Di certo c'è che l'avvocato pugliese ha già consumato due governi e ci vuole un certo coraggio nel dargli per la terza volta fiducia. Non fosse altro perché in questi due anni non si è ancora ben capito cosa rappresenti davvero Conte. È un grillino spuntato a sorpresa a Palazzo Chigi perché amico degli amici. È il testimone di nozze dell'alleanza tra Di Maio e Salvini. È poi diventato il nemico di Salvini e l'avversario interno di Di Maio. È il premier che a un certo punto ha preso le distanze dai Cinque Stelle, per candidarsi a punto di riferimento futuro per la sinistra. Non ha mancato di dire che il suo cuore ha sempre battuto per il Pd, ma si è anche ritrovato, non a sua insaputa, benedetto da Trump. È un po' americano e un po' cinese. È nato con Renzi e morto con Renzi.
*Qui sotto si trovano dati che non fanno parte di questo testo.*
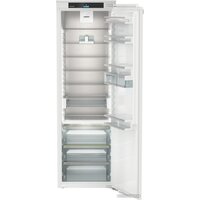 Однокамерный холодильник Liebherr IRBci 5150 Prime BioFresh 5150-22001 - Превью изображения №2 — Интернет-магазин ПроЗаказ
Qualcuno si ricorda un'idea politica di Conte? Forse è proprio questo il suo segreto e non è un caso che il suo destino sia legato ai «responsabili». La realtà è che ne incarna lo spirito. È quel tipo di «responsabilità» che ha nel trasformismo la sua vocazione politica. È l'arte di Fregoli applicata ai giochi della democrazia, basta cambiarsi d'abito e ripresentarsi con la stessa faccia sorridente e un oplà di benvenuto verso il pubblico. Uno, due, tre. Rieccomi. Solo che non è Fanfani. Non ha una strategia. Non crede in nulla che non sia il tirare a campare.
Quello che accadrà forse si vedrà lunedì o martedì in Parlamento, quando il Conte due chiederà la fiducia. A quel punto si capirà qualcosa di più sulla sceneggiatura di questa crisi surreale. Sapremo se Conte è al capolinea o se ricomincerà a fare il morto a galla.